In 2020, Versa is not taking chances that groups like FACT may tighten their FEC complaints. It's recasting its approach to make it closer to that of a news organization, which should, in turn, make arguments that it is engaged in surreptitious politicking more difficult to mount.
That divide between news and political content is one with which Facebook itself has been forced to grapple as it attempts to make its role as a political advertising platform more transparent. The company rolled out a searchable database of political ads last spring, and quickly faced criticism over its classification of some news content as political advertising.
MotiveAI has already faced some scrutiny from Facebook over how it delivers its advertising. In January, the Washington Post reported that the company was investigating News for Democracy and other MotiveAI-affiliated pages over allegations that their ad campaigns misrepresented the interests behind them.
At the same time, Hoffman, the main MotiveAI investor, has come under intense scrutiny over his backing of separate Facebook ad campaigns that sought to falsely tie the 2017 Senate candidacy of Roy Moore (R-AL) to nonexistent Russian government actors.

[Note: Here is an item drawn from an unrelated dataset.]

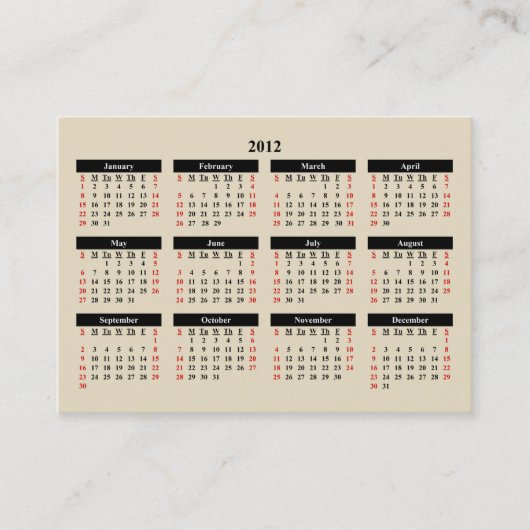 Leven in een Grungy Dirty Beat-up Worn Cardboard B Visitekaartje (Voorkant)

MotiveAI’s history last cycle, and the controversy that has bedeviled a number of Facebook advertisers since last year, including MotiveAI itself, has prompted the company’s new political advertising property to put a premium on transparency.
Versa, Fletcher noted, will be operating parallel to—though, he insists, completely separate from—MotiveAI’s more explicitly partisan work as a political vendor. There will be a “strict firewall,” he said, between Versa’s news operation and MotiveAI’s work for its clients.
“What I learned from the experience in the fall was that people on Facebook have an expectation of more transparency from where their political info or news is coming from,” Fletcher said. “We’re not trying to hide who’s behind it, and the positioning of it is we’re going to put out all the information about what we believe and what we want to see happen and you’ll either trust us or you won’t.”